All...
Hope 6you can help. We have been doing some maintenance on one of our
production 8400's.
Have added some additional KZPBA-CB's (connected to an EMC symmetrix). All
went well. The system booted from genvmunix - lsm starts, all my devices
are visible and mount etc., etc.
Built a new kernel (and config file). Rebooted from new kernel and system
crashes mid boot.
I did see the following displayed during the genvmunix (single user) boot -
but sort of ignored it:
Starting at 0xfffffc000047e9b0
contig_malloc: failed to allocate memory within addrlimit
contig_malloc: failed to allocate memory within addrlimit
contig_malloc: failed to allocate memory within addrlimit
The system came up to single user ok.
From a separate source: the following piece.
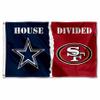 Cowboys and 49ers House Divided Flag Rivalry Banner view 1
Started lsm and mounted /usr -
generated a new kernel and booted from it.
Upon booting from the new kernel, everything seems to be proceeding ok
until:
TLMEM at node 7
TLMEM at node 6
TLMEM at node 5
TLMEM at node 4
Dual TLEP at node 3
Dual TLEP at node 2
Dual TLEP at node 1
Dual TLEP at node 0
lvm0: configured.
lvm1: configured.
trap: invalid memory read access from kernel mode
faulting virtual address: 0x0000027b00000005
pc of faulting instruction: 0xfffffc000026d618
ra contents at time of fault: 0xfffffc000026d5d0
sp contents at time of fault: 0xfffffffe9d8df7e0
panic (cpu 0): kernel memory fault
DUMP: No primary swap, no explicit dumpdev.
Nowhere to put header, giving up.
halted CPU 0
halt code = 5
HALT instruction executed
PC = fffffc00004b8130
P00>>>init
This was a consistent problem. However booting multi-user from genvmunix
worked fine. System came up ok - all applications started etc.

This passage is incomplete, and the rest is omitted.